Tsunami ekonomi dunia kini benar-benar terjadi. Ekonomi dunia yang selama ini dikuasai Kapitalisme tengah berada di jurang kancuran. Pegunungan Alpen, Swiss, tepatnya di Davos, tempat berlangsungnya Konferensi tahunan Forum Ekonomi Dunia atau World Economic Forum (WEF) menjadi saksi bisu.
Melihat awal berdirinya, forum ini memang sebatas pertemuan tahunan para kapitalis dunia.
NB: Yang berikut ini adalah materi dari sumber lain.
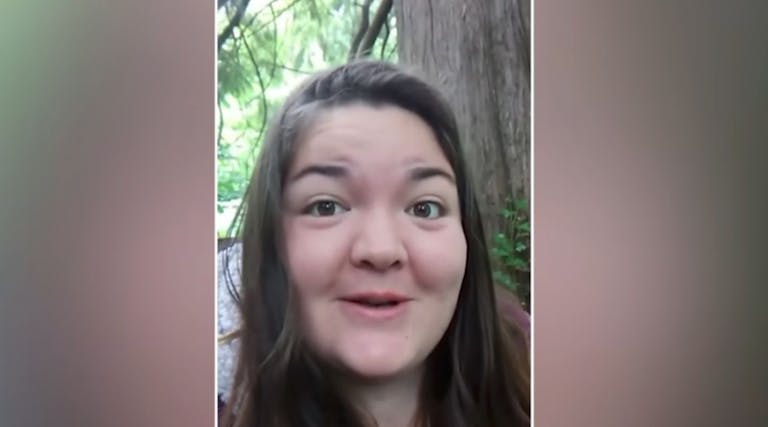 Photo shows a smiling Eileen Mihich in the woods.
Dalam perkembangannya, akhirnya forum ini terbuka untuk siapa saja yang mau mendaftar. Bahkan dalam pertemuan menjelang akhir Januari lalu yang bertema besar “Transformasi Besar, Membentuk Model Baru”, semua pendekar global pun hadir. Sebut saja kampiun spekulan George Soros, Bill Gates dari Microsof, Direktur LSM Green Peace Kumi Naido, pebisnis top AS Donald Trump, produser film Holywood Luc Besson, penulis Karen Amstrong dan Direktur IMF (Dana Moneter Internasional) Christine Lagarde. Beberapa kepala negara juga hadir seperti Kanselir Jerman Angela Merkel, Perdana Menteri (PM) Inggris David Cameron dan PM Kanada Stephen Harper. Sejumlah negara berkembang seperti Tunisia dan Thailand yang tengah berjuang lepas dari kekisruhan juga berkesempatan datang.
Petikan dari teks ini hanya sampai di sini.